Task objective:
Down to the last line below, write out every line exactly, starting with the one that contains "SciLab Cattle Horn 3 pcs Spoon Set" and leaving out the pictures.

Data provided:
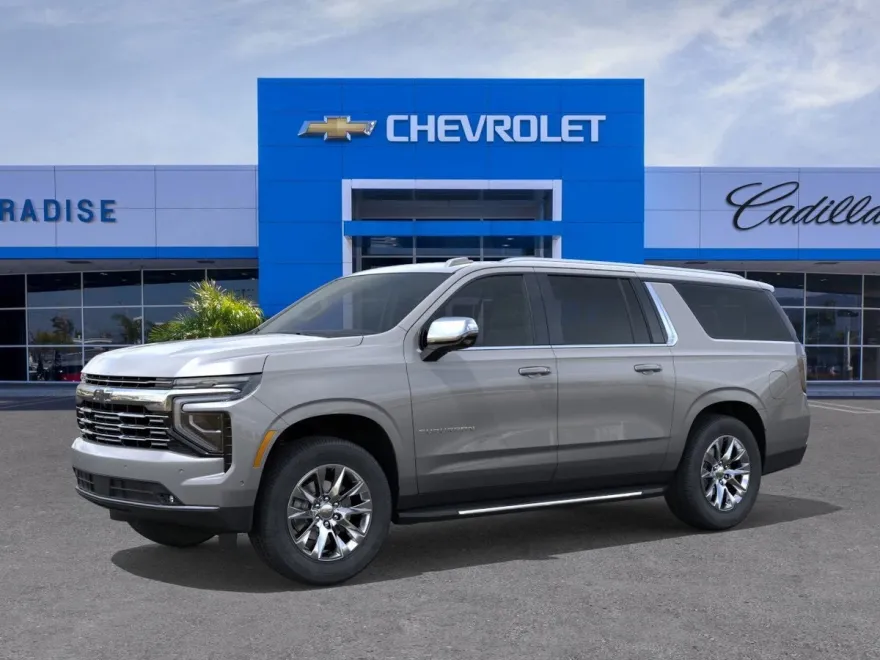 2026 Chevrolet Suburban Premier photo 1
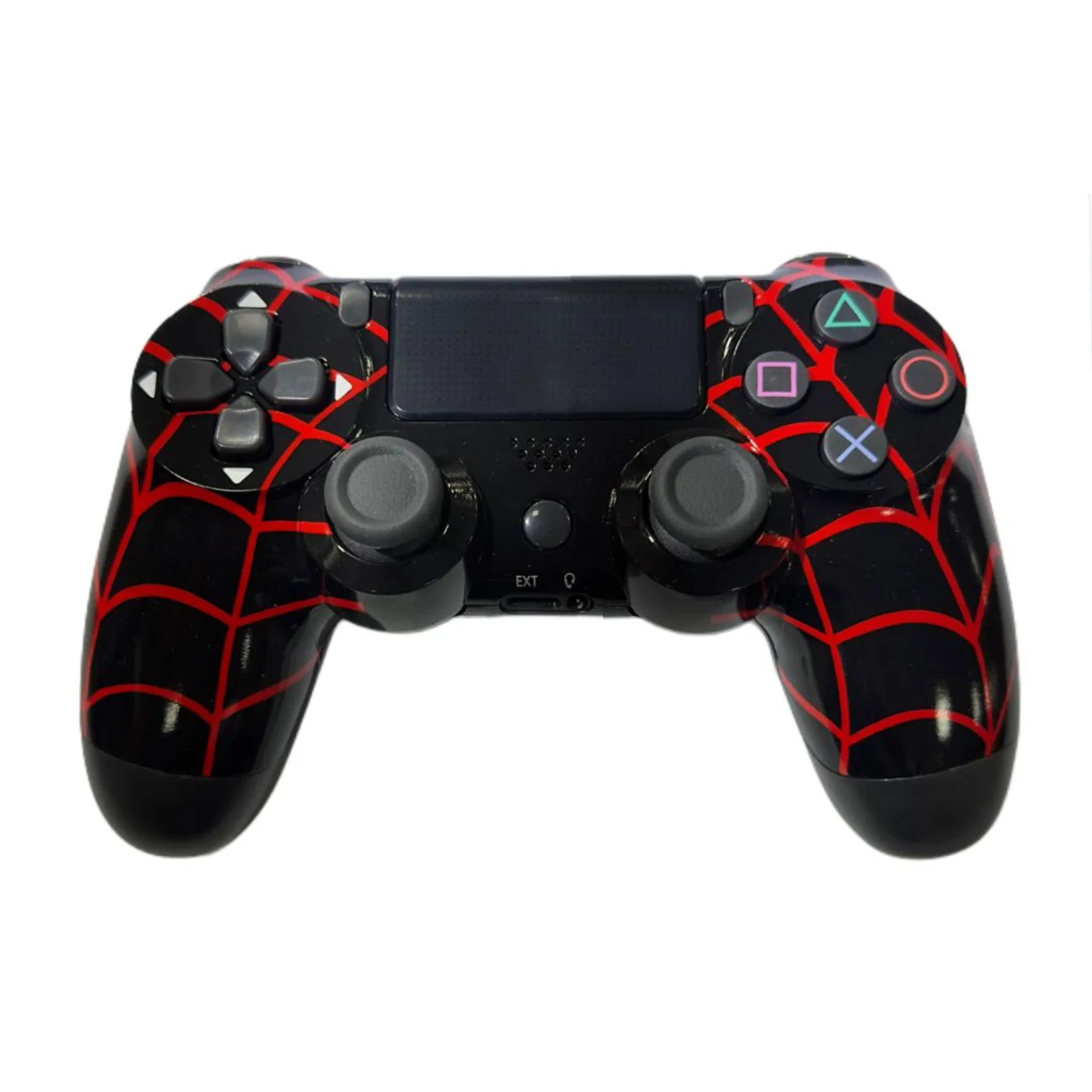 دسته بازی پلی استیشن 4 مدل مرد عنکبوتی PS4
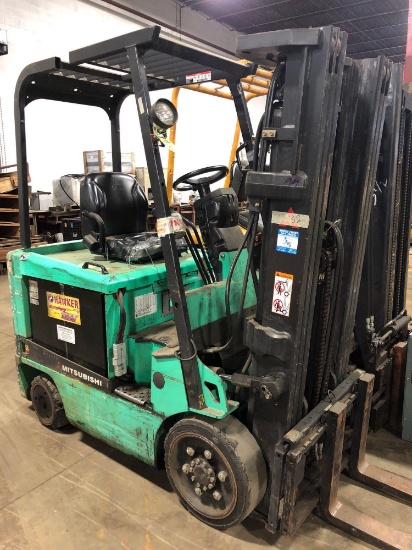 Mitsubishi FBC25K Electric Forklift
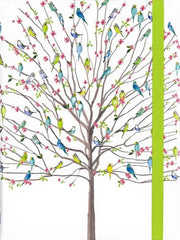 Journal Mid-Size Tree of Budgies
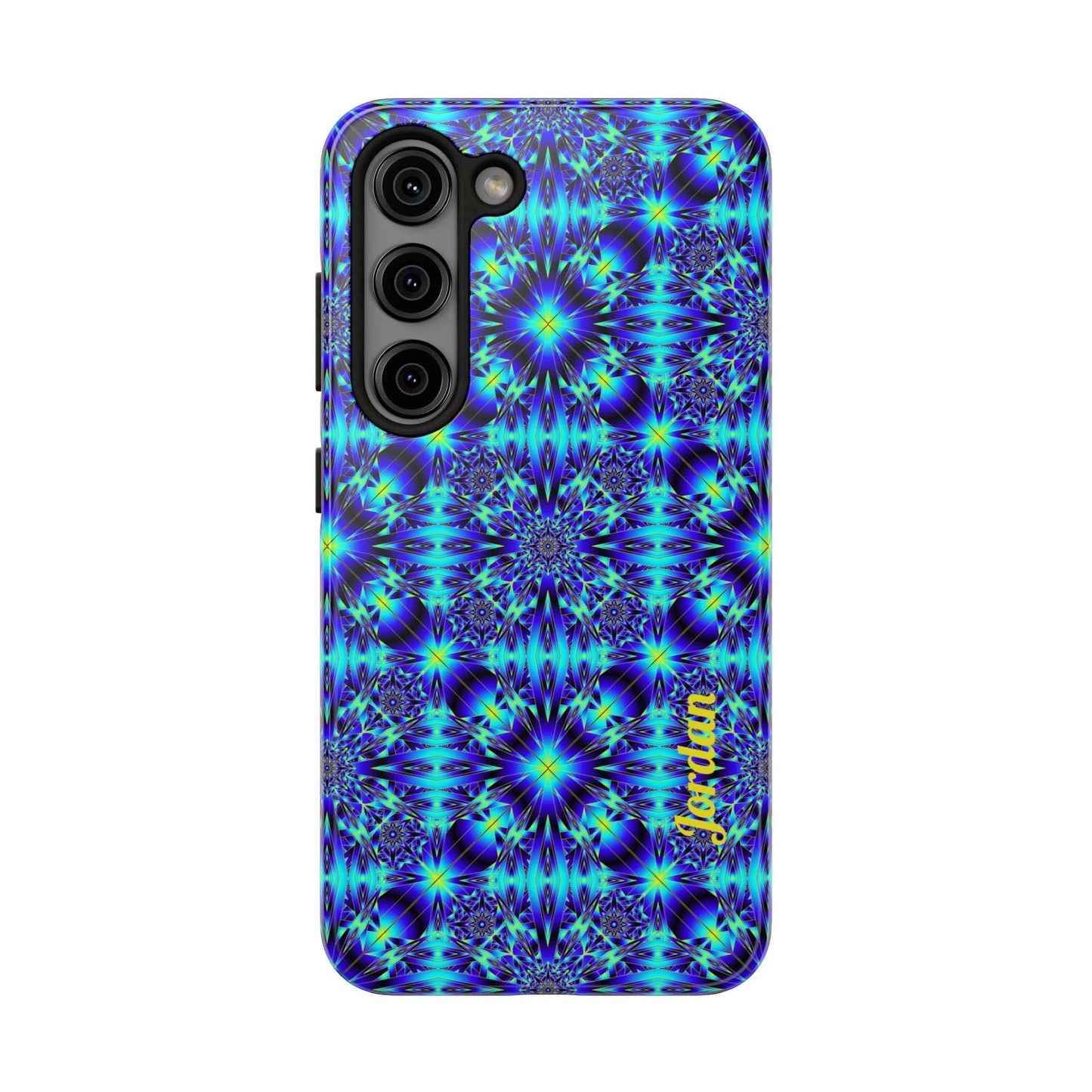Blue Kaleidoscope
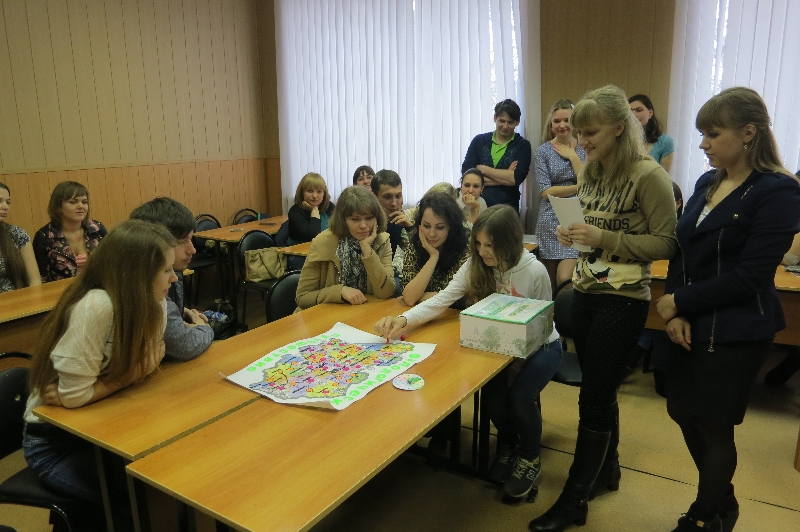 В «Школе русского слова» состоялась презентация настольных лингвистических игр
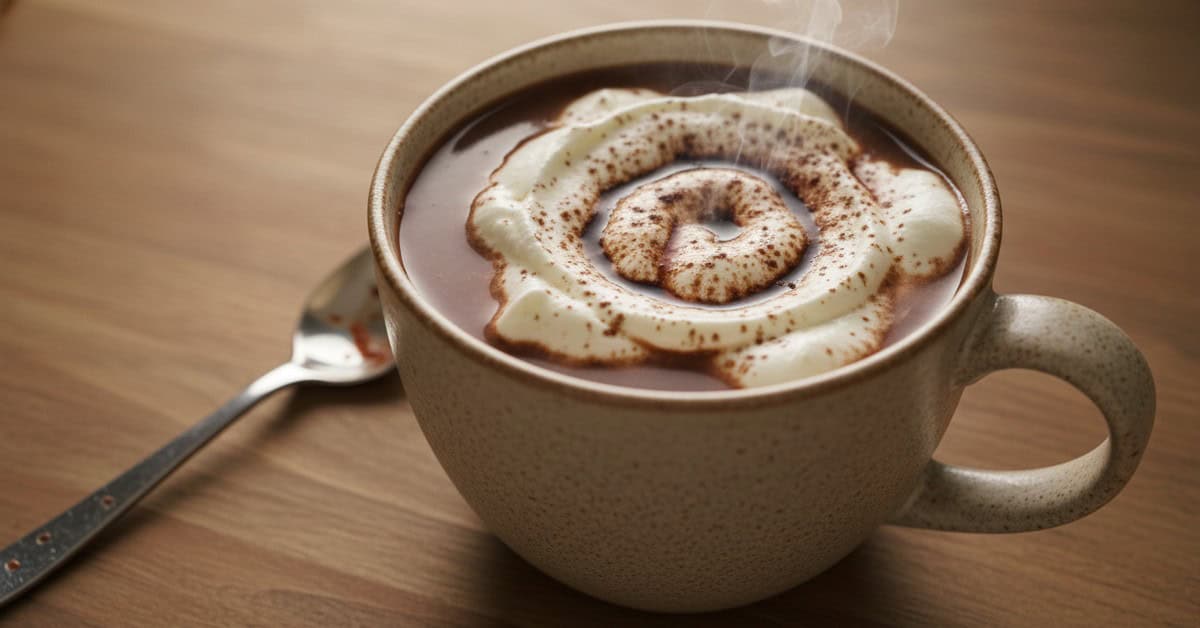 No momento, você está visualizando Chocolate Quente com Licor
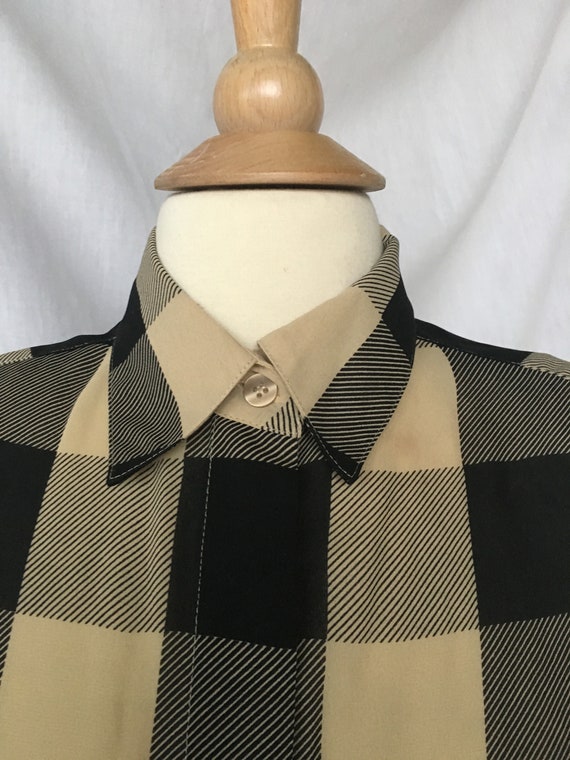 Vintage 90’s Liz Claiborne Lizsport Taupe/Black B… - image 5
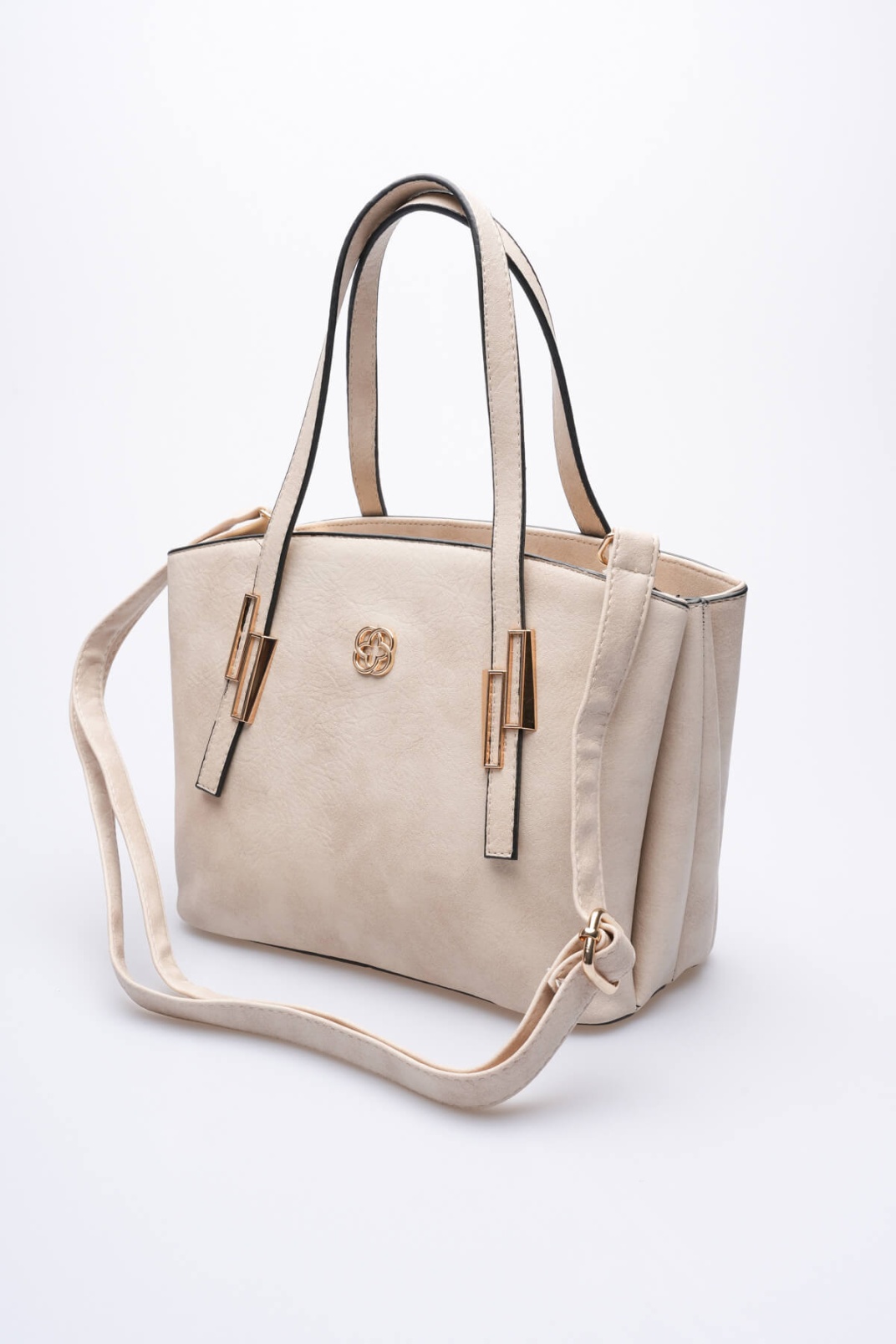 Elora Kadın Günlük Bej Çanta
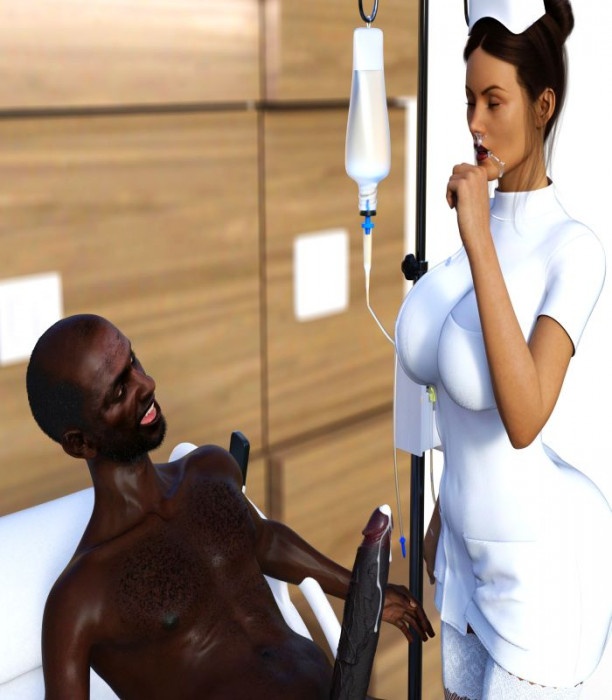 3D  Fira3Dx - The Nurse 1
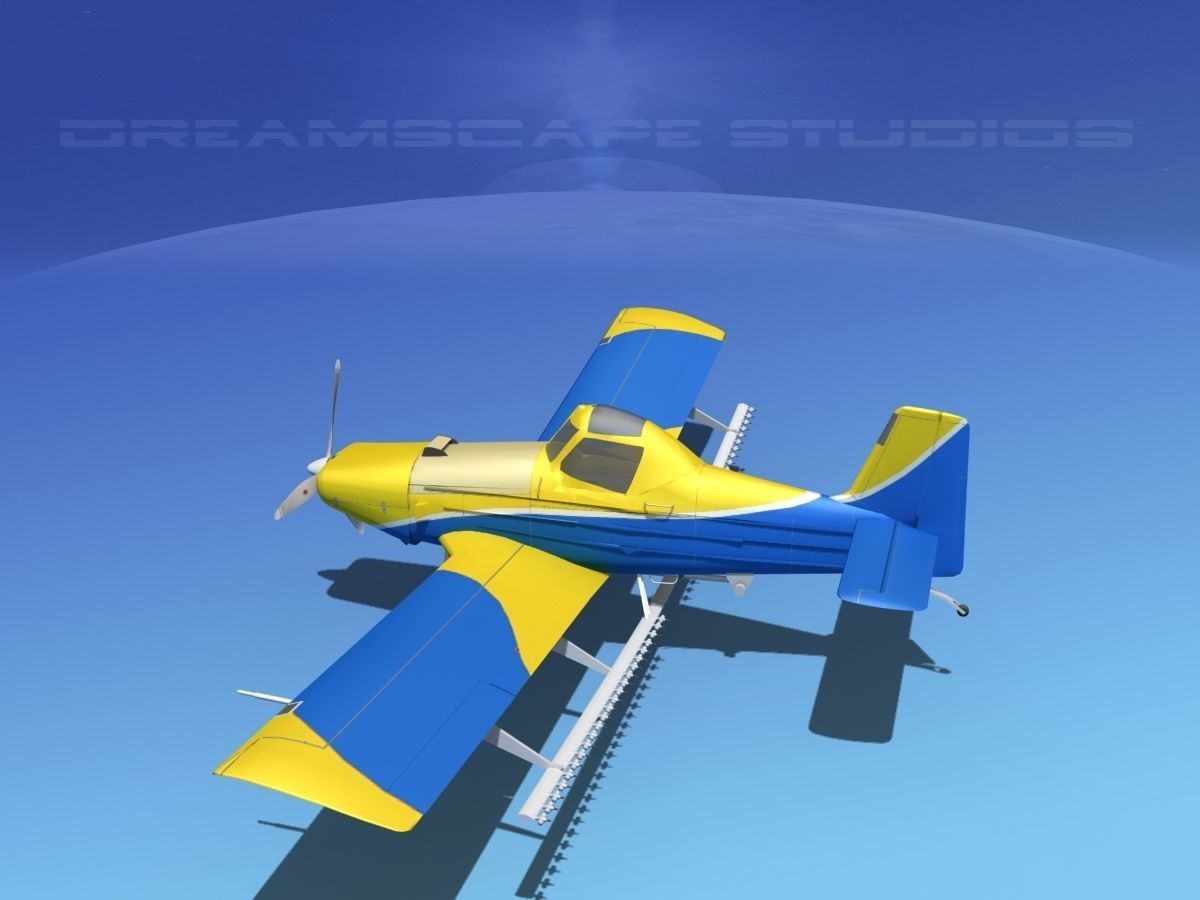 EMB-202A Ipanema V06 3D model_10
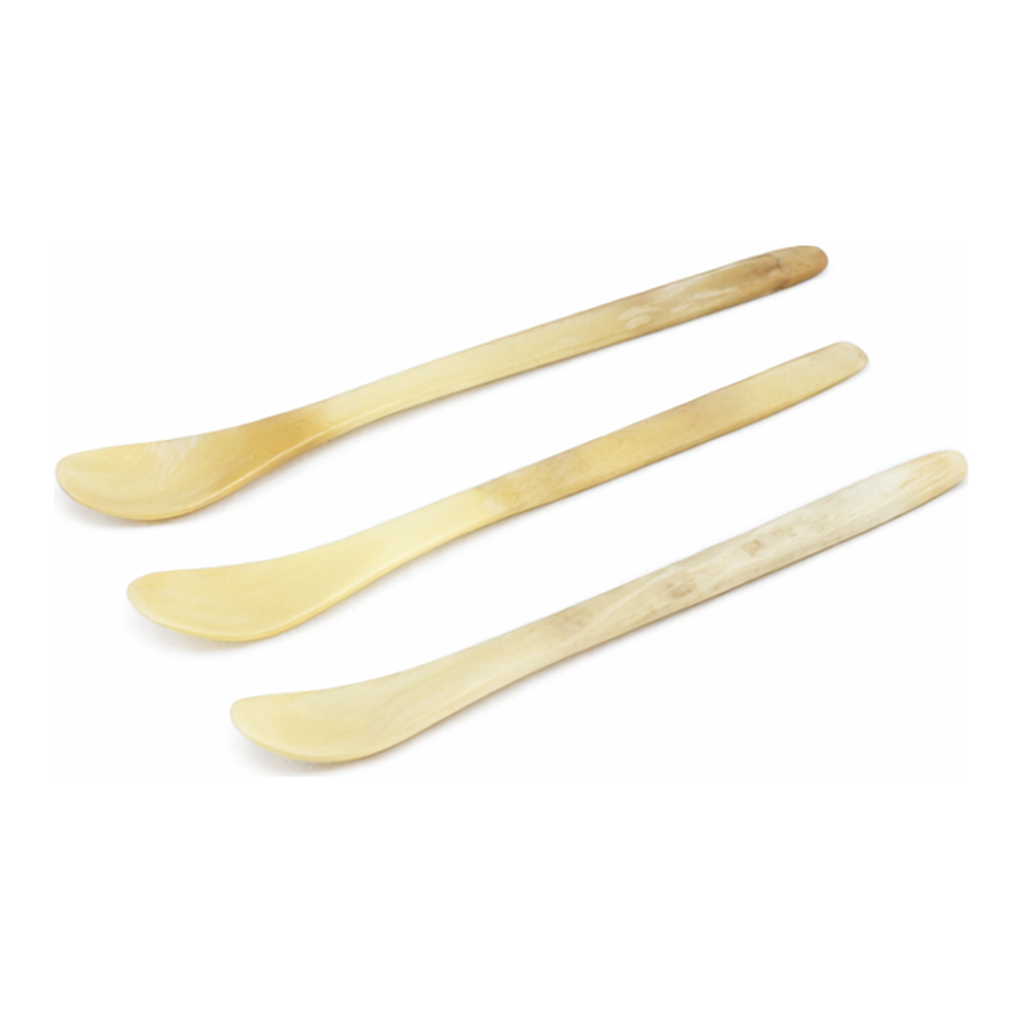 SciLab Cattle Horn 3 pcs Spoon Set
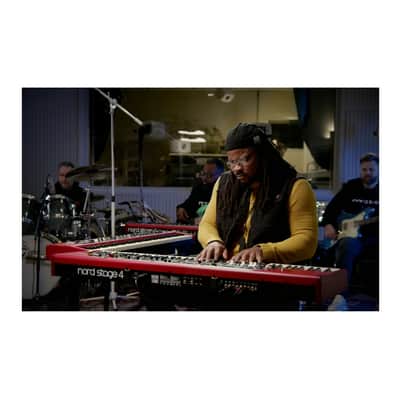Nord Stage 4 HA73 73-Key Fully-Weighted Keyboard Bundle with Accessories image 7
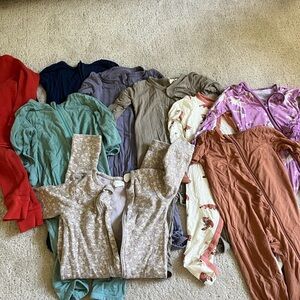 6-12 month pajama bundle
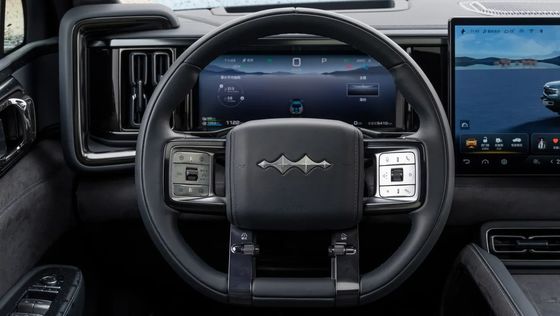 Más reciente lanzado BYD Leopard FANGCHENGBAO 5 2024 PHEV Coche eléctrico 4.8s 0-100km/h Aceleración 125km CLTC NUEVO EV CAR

Answer:
 SciLab Cattle Horn 3 pcs Spoon Set
Nord Stage 4 HA73 73-Key Fully-Weighted Keyboard Bundle with Accessories image 7
 6-12 month pajama bundle
 Más reciente lanzado BYD Leopard FANGCHENGBAO 5 2024 PHEV Coche eléctrico 4.8s 0-100km/h Aceleración 125km CLTC NUEVO EV CAR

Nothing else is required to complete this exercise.